Fri & Sat is the master plan, with just Saturday for those with family or other commitments. Fri will be a regular large night out with Saturday, the cruise & Xmas Party in the evening.

Mark (NuTTs):

How did this manage to fall on my lap?  ;D Can you keep an eye on the attendees (updating) & i'll put a proper plan together this week, posting all the details on Friday. I'll get venues & prices.

Everyone:

Please can we all jump on this Party Train as quickly as possible. Xmas is always a tricky time to arrange anything and we've only got 6 weeks before the event, so probably only a couple of weeks to confirm everything.


----------



## Guest

> MoroTTC:
> 
> Another local TTer on the forum. I live just down the road in Standish. My themed suggestion was one of those nights at Park Hall. Big hotel, plenty of parking & always a top night.
> 
> Newish plan then, a full weekender with a one night option. For those people who want to have a bit of a session (beer) on the Friday night, they can crash at mine, then do a good cruise on Saturday. For the one nighters, we could meet up prior to the cruise and take the weekend from there. We could then all check into the Park Hall hotel & partake in a top quality evenings entertainment (TT Xmas Party).
> 
> How does this sound? I'm sure i can get the hotel for a reasonable group discount & possibly the evenings entertainment as well, but would need a few more takers & an indication of numbers.


Paul, sounds like a good idea. Would we be taking the other halves with us to the evening event? Sounds like a reasonable plan if we were...

Cheers!


----------



## nutts

> Would we be taking the other halves with us to the evening event? Â


If we must


----------



## vlastan

John,

Doris has sisters??? Lovely jubbly!! 

Are they twins? Do they have better looking nipples? And finally are the two holes down below....less sharp? ;D ;D

Also, how do you plan to carry so many birds in a TTR...will one sit on a boot rack?

I have to admit...it will be great to have them all for a gang bang! Although, Paul, as usual, will be so pissed that he will simply fall asleep all over them before any action takes place. ;D ;D ;D

By the way Paul...this is Doris!!

http://www.btinternet.com/~n.vlastaris/tt_collection/beautiful_Doris.JPG


----------



## nutts

Coming so far.........

Mark (nuTTs) - Sat 
John (TTotal) - Sat 
Paul (W7 PMC) - Fri/Sat
Mart (M44RT_L) - Fri/Sat
Dave (MorroTTC) - Sat 
Dave (daveuni) - Sat


----------



## daveuni

Just picked this up from the main forum and would defininetly be up for it.
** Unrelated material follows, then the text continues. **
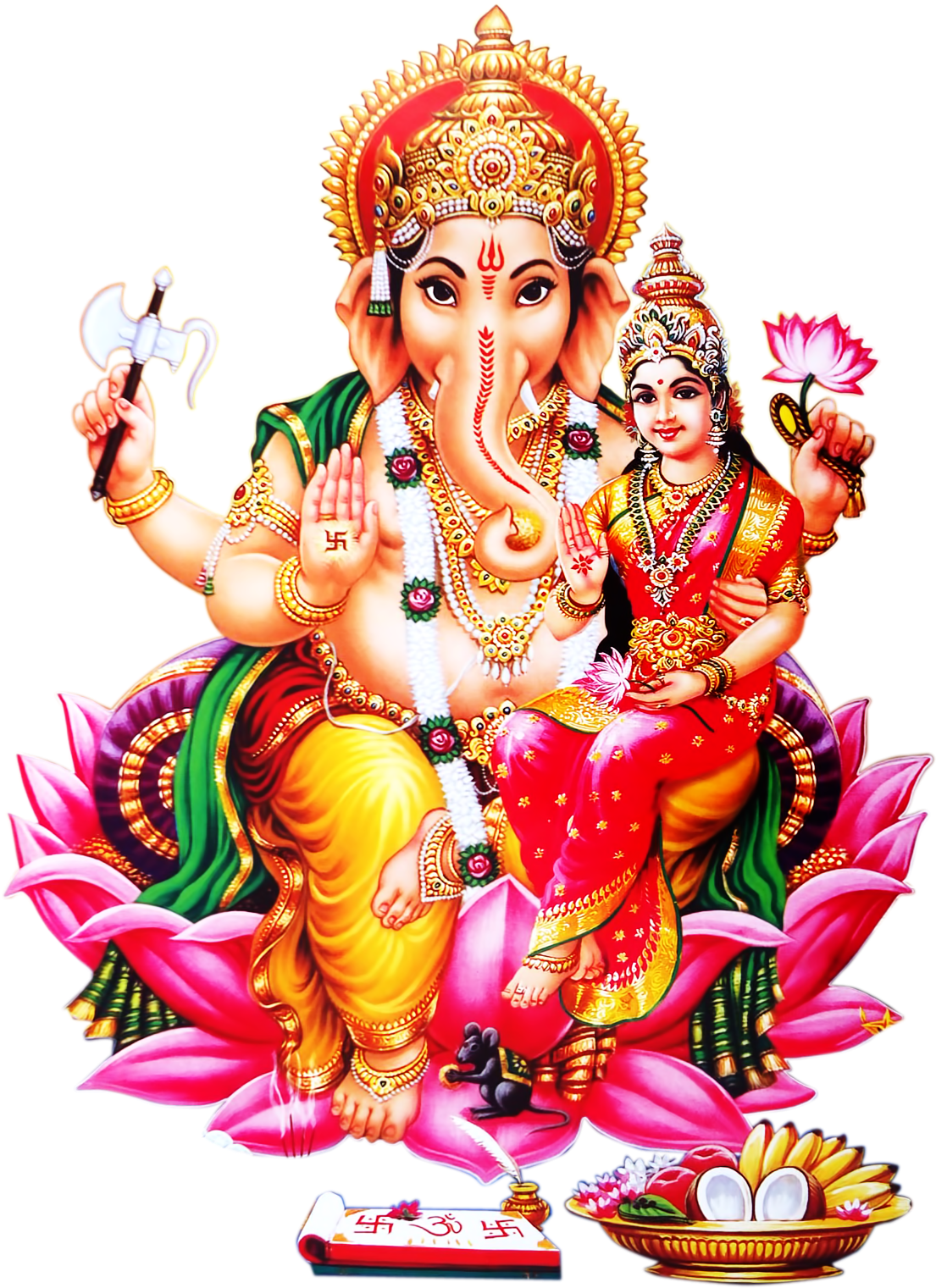 Download Lord Ganesh Free Png Transparent Image And Clipart - Lakshmi Ganapathi  PNG Image with No Background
Would probably be only able to make the Sat, because of work.. ??? ??? ???


----------



## TTotal

Vlastan, told you about Doris's sisters, Agnes and Mavis. No they are not physically identical although they can share the same body parts. You may have noticed that on Saturday Doris had two left hands...that happened after a bit of a wild night with all 3 girls in the sack (literally) so it got a bit messy and we had to get Doris together very early that morning. Agnes unfortunately , unlike Doris, is totally armless and as legless as Doris. She has I think , one central hole under her body. Mavis on the other hand is the lady with one leg, no head, but an expanding chest !!! I have gorgotten to mention Gladys , the farm girl who has a lovely smile and also an expanding chest.
They are all game for a laugh and happy to travel on my new boot rack. Depending on Tits Away fixing her scuffed nipples, Doris can come to. They are all getting very excited and Doris says thats the best photo that anyone has taken of her !  John


----------



## nutts

Come on Southerners, Midlanders, Welsh & Scots. The "annual" TT Xmas party is here ;D


----------



## W7 PMC

V:

Saw Doris in your TT collection photos. Just for the record, i've already had her (sorry John), she has lovely noughts (no nipples though). I did feel like i had to do most of the work, but hey, you can't have everything  ;D Whats this falling asleep business? i've never fallen asleep on the job apart from the last time  ;D 

Given that its Crimbo, partners will be more than welcome for the weekends activities.


----------



## jampott

Paul,

deffo a possibility on this one - you've made a couple of Wales events, its about time I headed north. I don't suppose you can count our chance meeting on the M6 just north of Birmingham a proper "meet" can you? 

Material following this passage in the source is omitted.